Quick background theory:
One of the FE models out there posits the Earth is a non-Euclidean space. There is a lot to the background of this, but the simplest may be as follows: the distance from point A to point B will not be the straight-line distance.
Mathematically, Euclidean space is a set equipped with a metric: coordinates along with a calculation that tells you how far apart two coordinates are. In the Euclidean case, to get from (0,0) to (3,4) you can see it's just the hypotenuse of a right angled triangle with sides 3 and 4. You'd use Pythagoras' theorem.
In a non-Euclidean situation, this wouldn't be the function. In strictly abstract mathematics, d(a,b), the distance from a to b, could be defined as 0 if a=b, and 1 otherwise. That's called a totally disconnected space.
I got bored for a bit today, and figured out a typically workable metric for a flat Earth. It's possible there are calculation errors at some points, I quoted a number of results without proof so I may have overlooked some details, but the gist is unfortunately the following.
There might be ways to simplify, and unfortunately it's not too useful yet as we'd need a map of the Earth with coordinates marked, though I can tell you how to derive that map.
This is not a pitch for an FE model, it's no more than an illustration of how a non-Euclidean map might work.
First off:
The Earth is defined by the x and y axes, with the North Pole (for the sake of tradition) at 0, and the South at infinity. An infinite plane is used so that if you reach the South, you can come out the far side. Once the metric is used, the distance shouldn't actually be infinite. This is just our set.
Longitude is 0 along the line y=0, latitude is zero on the circle of radius 1 centred at the North pole.
Now then, our spectacularly awful looking metric. For points P1=(x1,y1), P2 = (x2,y2):
[jsTex]d(P_1,P_2) = \cos^{-1} \left( \sin \left(\tan^{-1} \left(\frac{x_1^2 + y_1^2 -1}{2x_1} \right) \right) \sin \left(\tan^{-1} \left(\frac{x_2^2 + y_2^2 -1}{2x_2} \right) \right) +\cos \left(\tan^{-1} \left(\frac{x_1^2 + y_1^2 -1}{2x_1} \right) \right) \cos \left(\tan^{-1} \left(\frac{x_2^2 + y_2^2 -1}{2x_2} \right) \right) \cos \left|\tan^{-1} \left( \frac{y_1}{x_1} \right) - \tan^{-1} \left( \frac{y_2}{x_2} \right) \right| \right)[/jsTex]

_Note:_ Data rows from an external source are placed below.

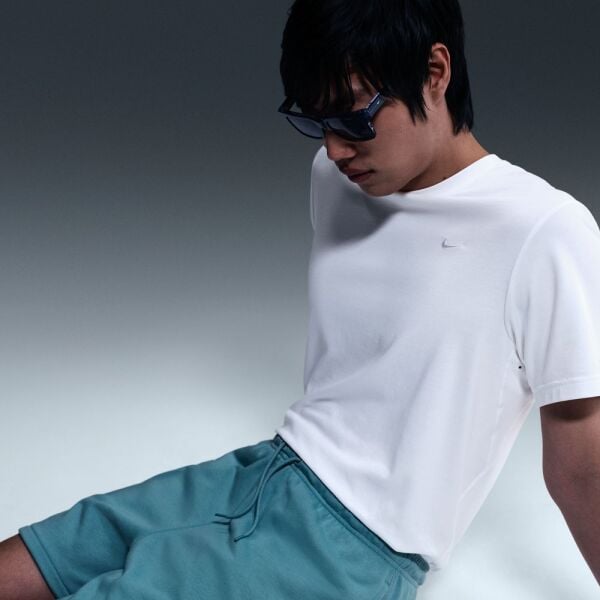 M NK CLUB FLOW FT SHORT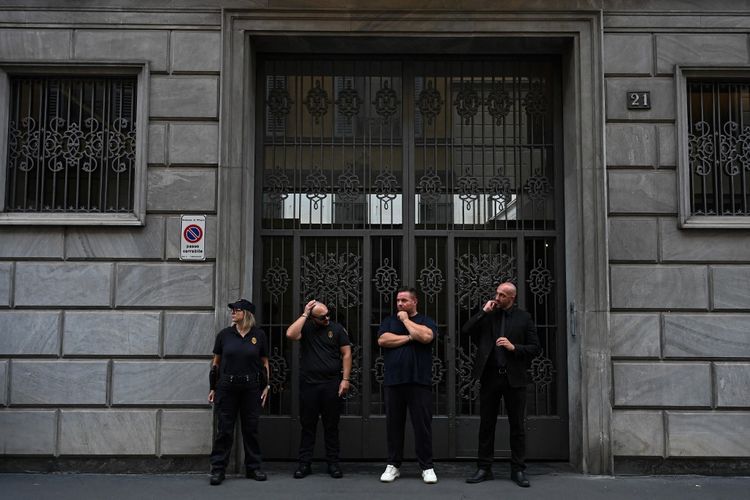 Petugas keamanan bersiaga di depan rumah Giorgio Armani di Via Borgonuovo di Milan, Italia, setelah desainer legendaris tersebut dikabarkan meninggal dunia pada Kamis (4/9/2025).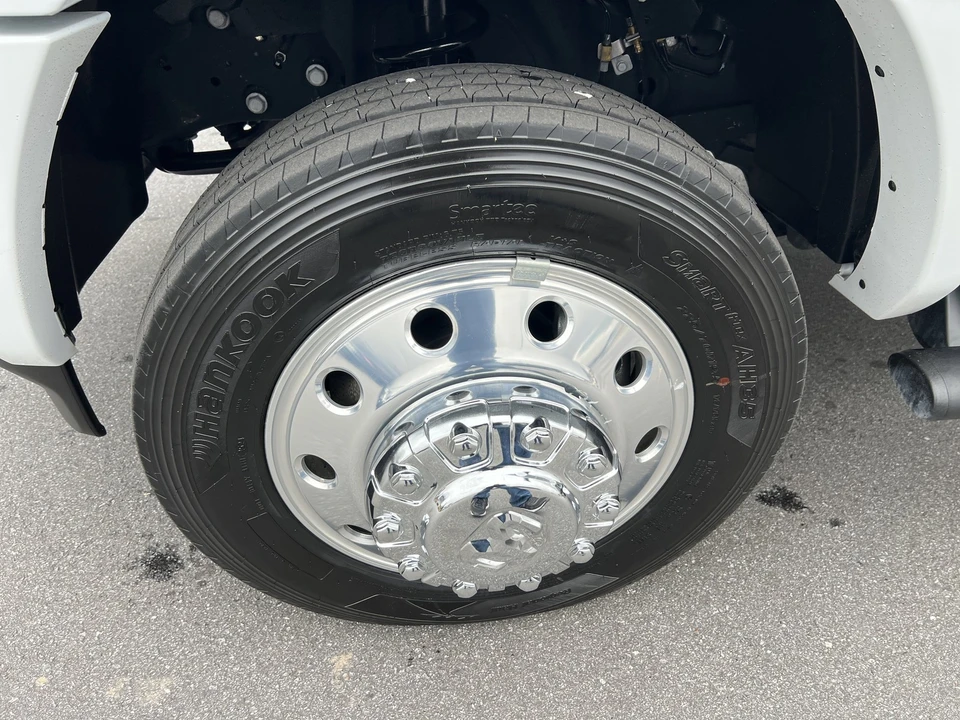 2025 Ram 4500 & 5500 - Image 12 of 21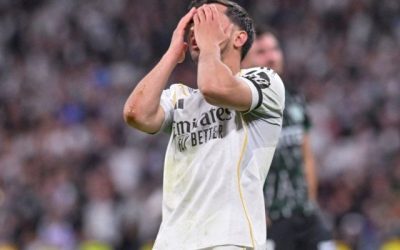 Real Madrid face primul pas spre despărțirea de Ferland Mendy, la doar trei zile după cucerirea titlului de campion După triumful istoric de sâmbătă, când Real Madrid și-a păstrat titlul de campioană a La Liga, clubul pare să-și pună în mișcare planurile pentru viitorul imediat, anunțând că îl scoate la vânzare pe unul dintre fundașii de bază ai echipei, Ferland Mendy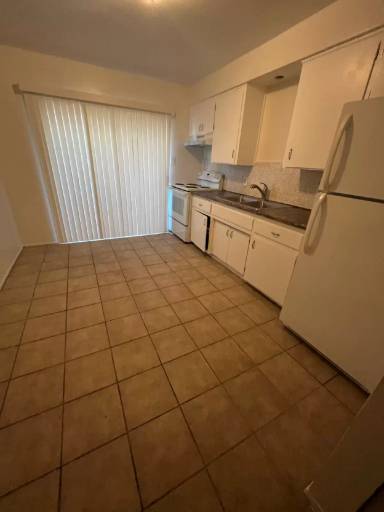 Main picture of 611 Wilson Ave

The code, for those that might want to copy/paste it, is:
d(P_1,P_2) = \cos^{-1} \left( \sin \left(\tan^{-1} \left(\frac{x_1^2 + y_1^2 -1}{2x_1} \right) \right) \sin \left(\tan^{-1} \left(\frac{x_2^2 + y_2^2 -1}{2x_2} \right) \right) +\cos \left(\tan^{-1} \left(\frac{x_1^2 + y_1^2 -1}{2x_1} \right) \right) \cos \left(\tan^{-1} \left(\frac{x_2^2 + y_2^2 -1}{2x_2} \right) \right) \cos \left|\tan^{-1} \left( \frac{y_1}{x_1} \right) - \tan^{-1} \left( \frac{y_2}{x_2} \right) \right| \right)
This is no more than an approximation. It simply comes from mapping the plane in question to a ball (using the stereographic projection), and finding the great circle distance between the resulting points. It's not perfect, as altitude isn't accounted for, and the Earth isn't a perfect sphere, but it's pretty close.
If you wanted to develop a map of the Earth, then you'd perform such a projection of the globe map, and calculate the distances between two points on its surface by means of the above rather than taking the straight-line distance. This seems reasonable, by Davis' model, as he has said the globe is a valid projection of the Earth's surface. This simply gives us a way to view it as a plane, as well as an idea of how distance might be calculated between two points, in this non-Euclidean space.
It's going to be difficult to work with points at and near the South pole, because the coordinates would be infinite and so would blur together, but equally not much information is lost because, viewed externally, the points nearby would seem absurdly stretched out.